> [What needs to be done] What you output must match, exactly, the lines from the start of the records to the line containing "ett helt marknadssegment", both ends kept and pictures excluded.

Start of Given information

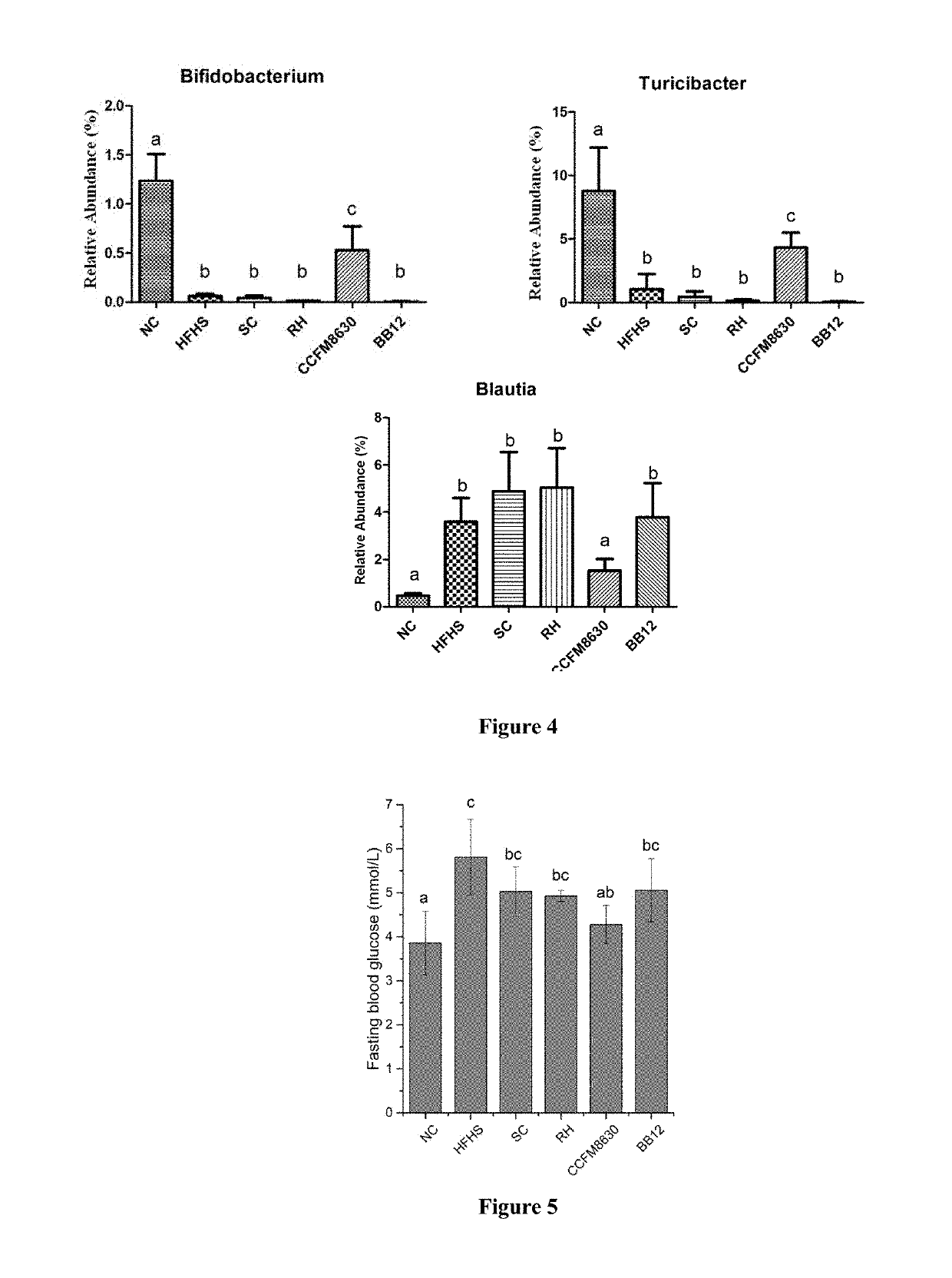 Bifidobacterium adolescentis and use thereof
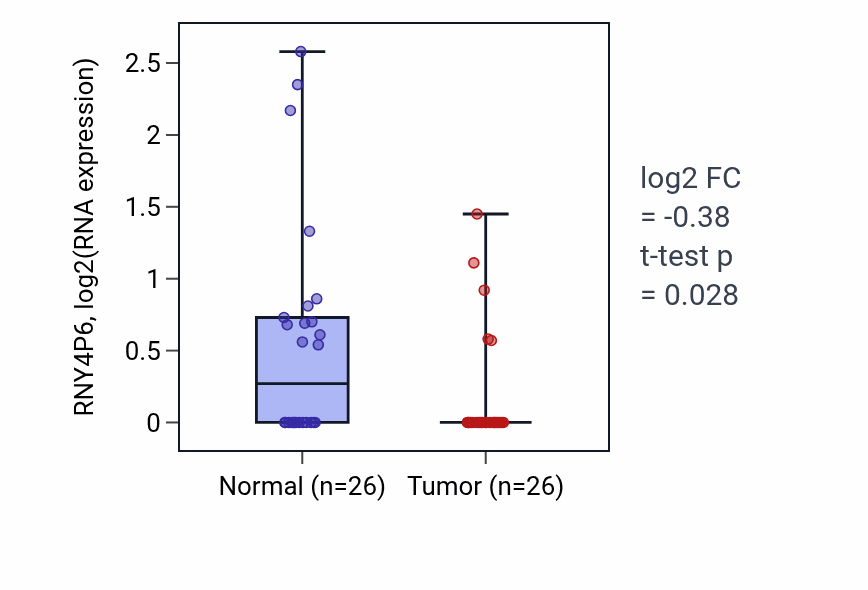 Tumor-vs-normal expression box plot for RNY4P6 in BRCA.
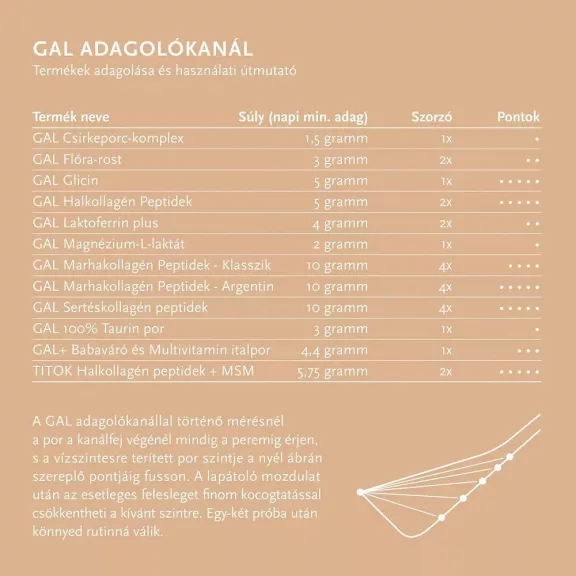 GAL Halkollagén peptidek - 150 g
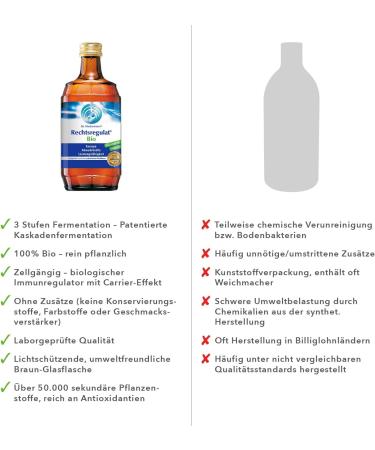 Dr. Niedermaier Rechtsregulat Bio I - Natural Vitamin C & Fermented Enzymes for Immune Support | 350ml (1 Pack) - Organic & Vegan - Buy Online on GoSupps.com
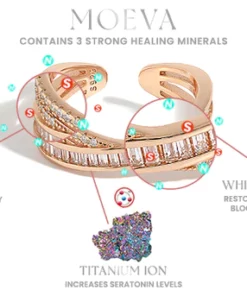 GFOUK NOAVA TwistyIONIC Detoxing Ring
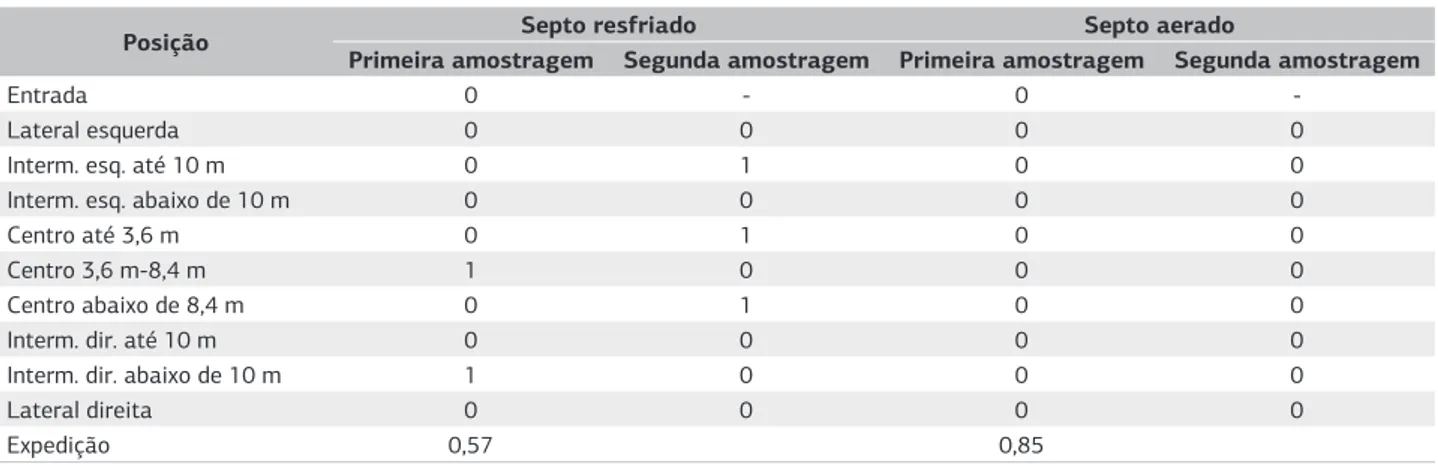 Tabela 6. Concentração de aflatoxina (mg L –1 ) do milho na entrada para o armazenamento, na primeira e segunda amostragens e na expedição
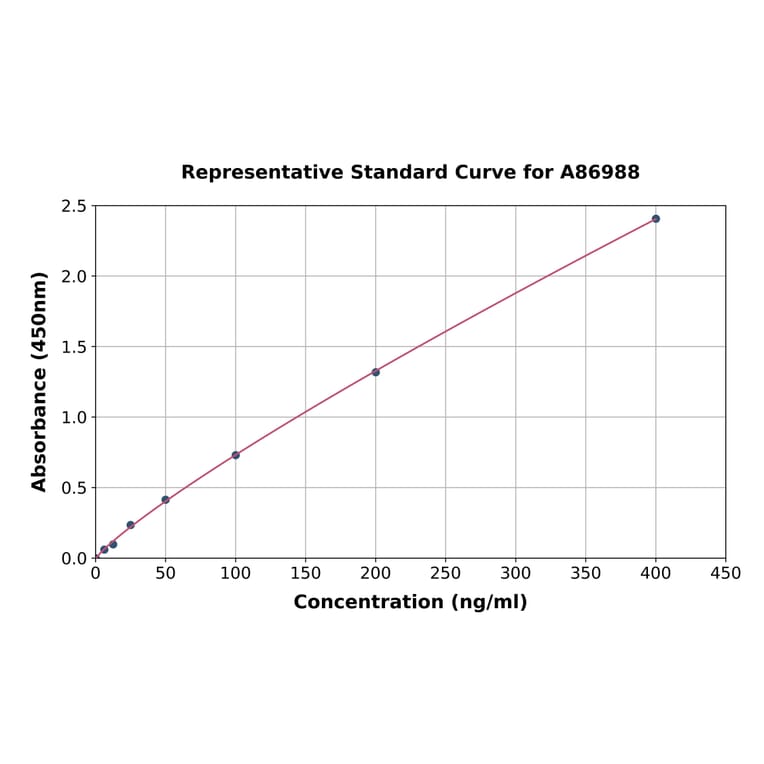 Standard Curve - Rat Calprotectin ELISA Kit (A86988) - Antibodies.com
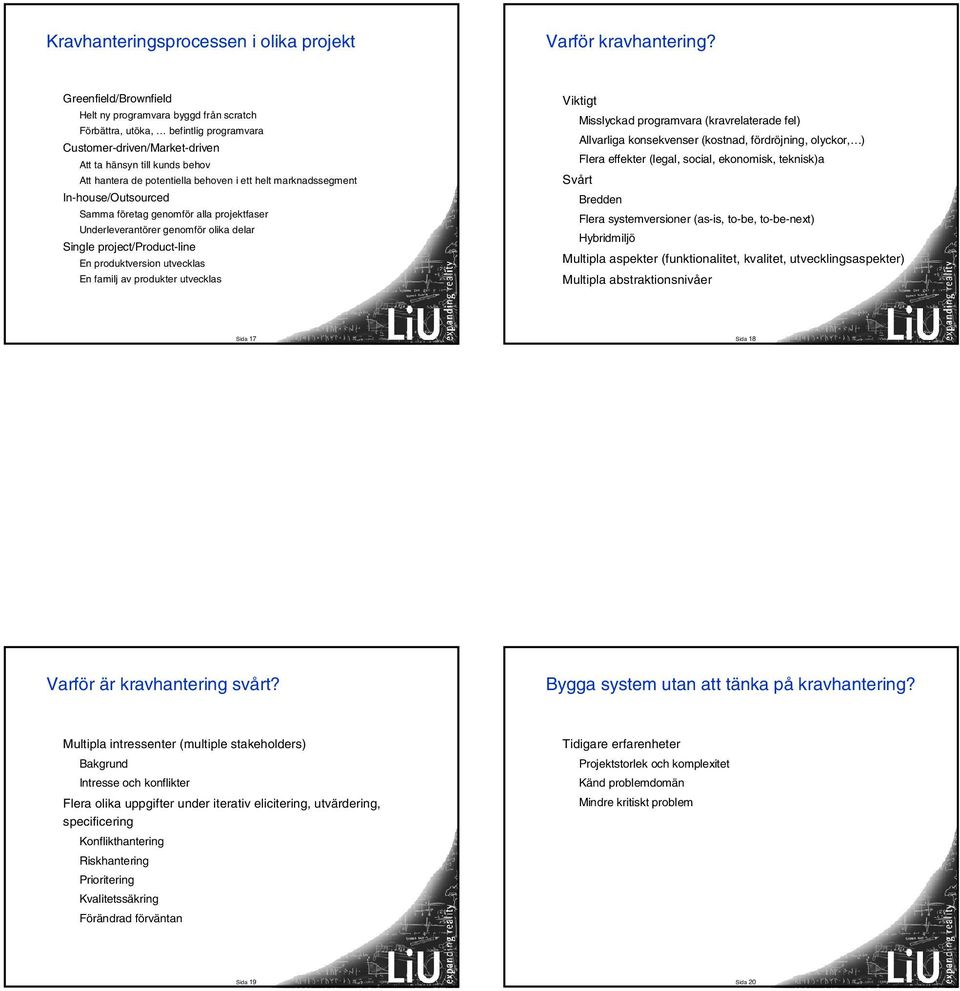 ett helt marknadssegment In-house/Outsourced Samma företag genomför alla projektfaser Underleverantörer genomför olika delar Single project/product-line En produktversion utvecklas En familj av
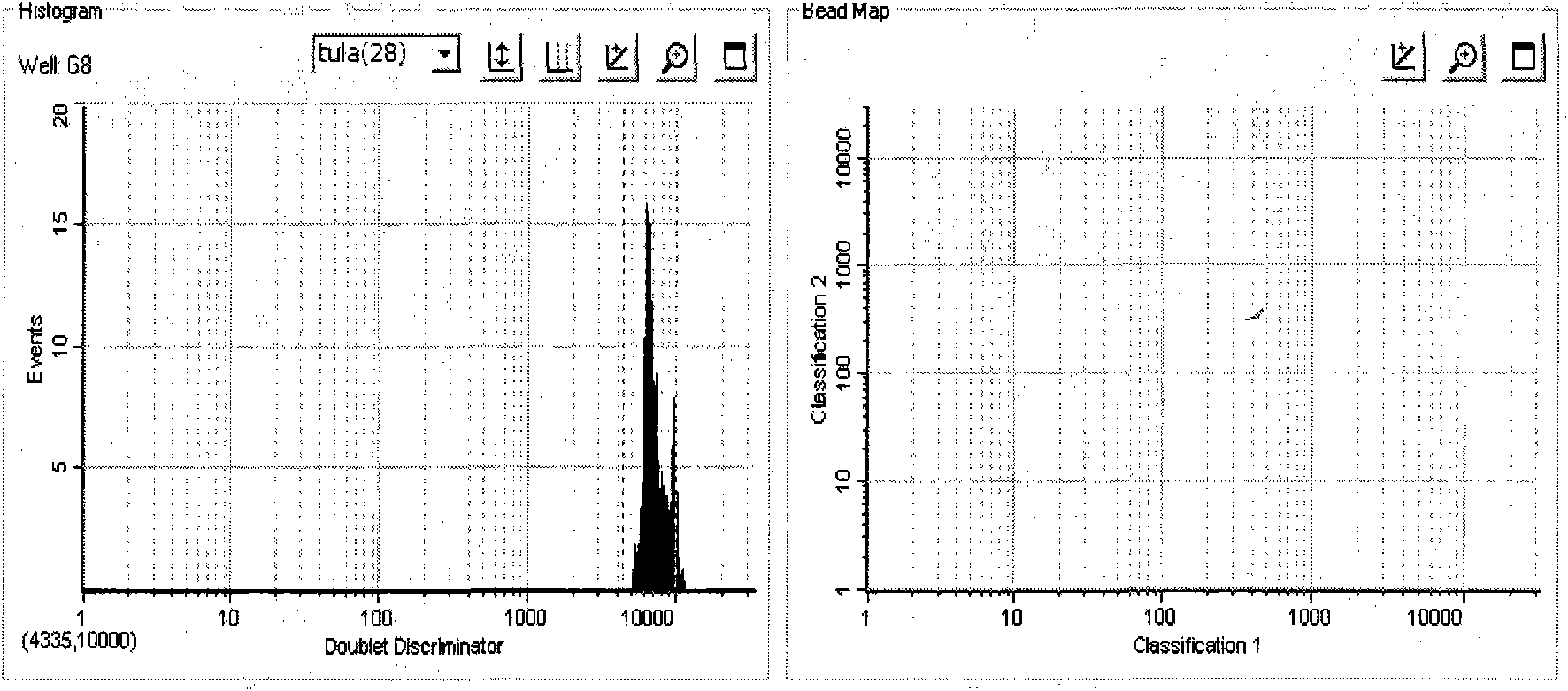 Preparation method and using method of protein suspension chip for detecting tick borne encephalitis antibody in serum sample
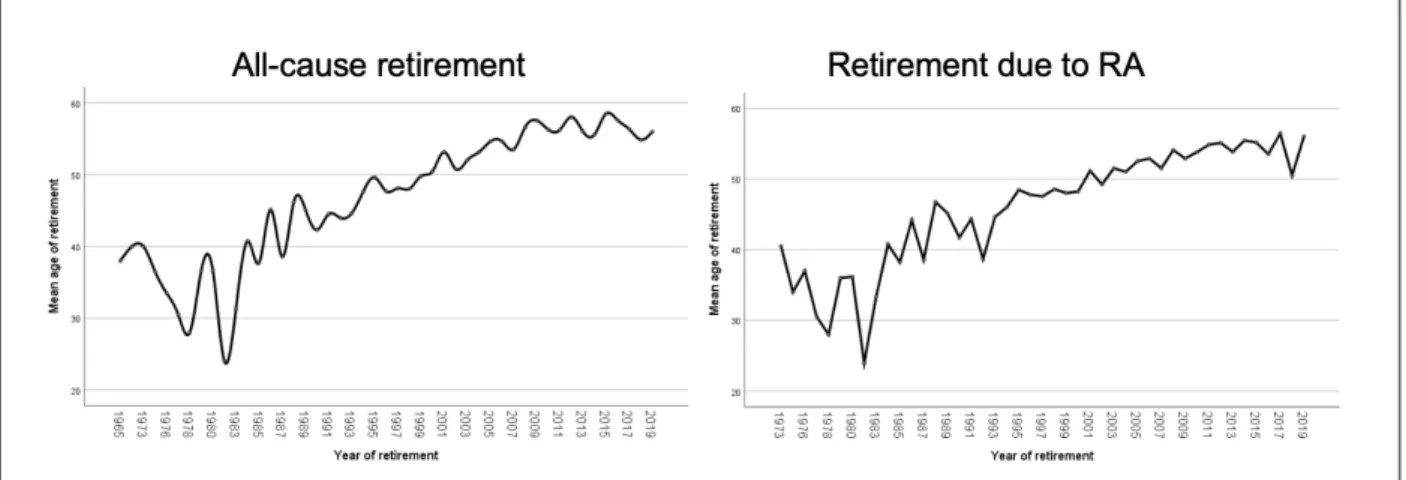 fIguRe 2. Evolution of the mean age of retirement of RA patients over the years
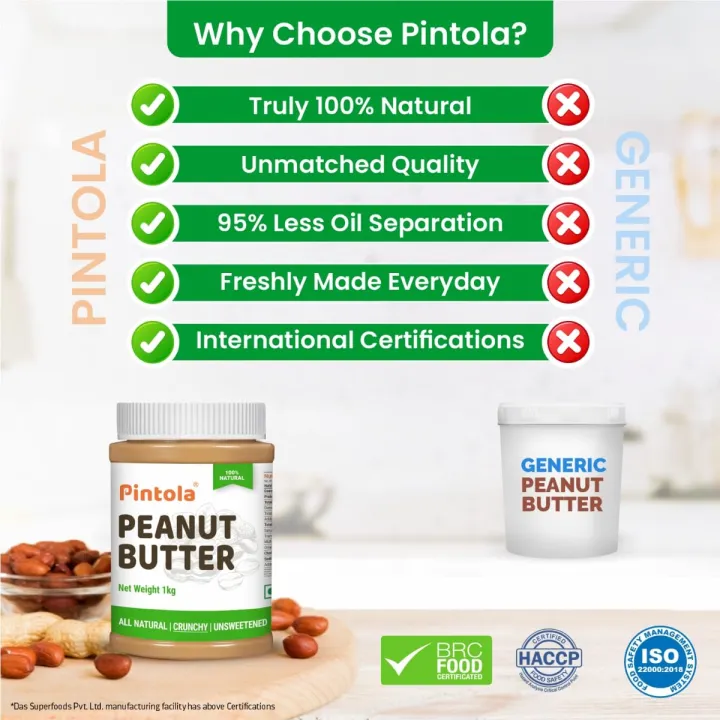 Pintola%20All%20Natural%20Peanut%20Butter%20Crunchy%201kg%20%7C%20Unsweetened%20%7C%2030g%20Protein%20%7C%20Vegan%20Peanut%20Butter,%20100%25%20Pure%20Roasted%20Peanuts%20%7C%20Non%20Gmo%20%7C%20High%20in%20Protein%20Spread,%20Gluten%20&%20Cholesterol%20Free,%20Nut%20Butter%20-%20Image%206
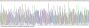 Actin, Alpha Skeletal Muscle (ACTA1) Protein
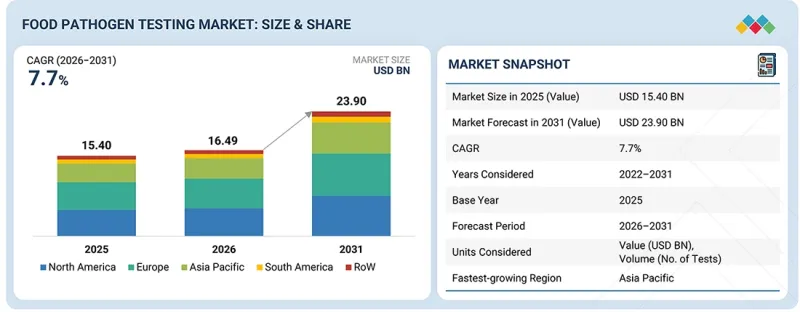 Food Pathogen Testing Market - IMG1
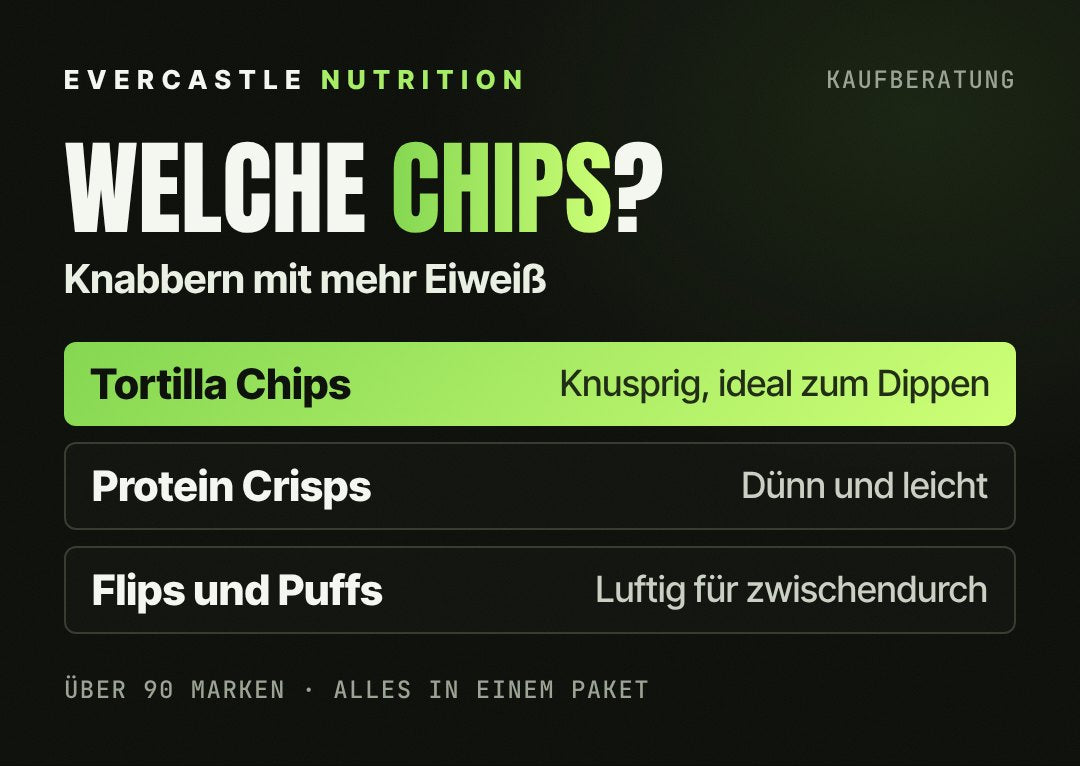 Protein Chips Arten: Tortilla Chips kräftig und knusprig zum Dippen (hervorgehoben), Protein Crisps dünn und leicht, Flips und Puffs luftig für zwischendurch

End of Given information

> [Response]
 Bifidobacterium adolescentis and use thereof
 Tumor-vs-normal expression box plot for RNY4P6 in BRCA.
 GAL Halkollagén peptidek - 150 g
 Dr. Niedermaier Rechtsregulat Bio I - Natural Vitamin C & Fermented Enzymes for Immune Support | 350ml (1 Pack) - Organic & Vegan - Buy Online on GoSupps.com
 GFOUK NOAVA TwistyIONIC Detoxing Ring
 Tabela 6. Concentração de aflatoxina (mg L –1 ) do milho na entrada para o armazenamento, na primeira e segunda amostragens e na expedição
 Standard Curve - Rat Calprotectin ELISA Kit (A86988) - Antibodies.com
 ett helt marknadssegment In-house/Outsourced Samma företag genomför alla projektfaser Underleverantörer genomför olika delar Single project/product-line En produktversion utvecklas En familj av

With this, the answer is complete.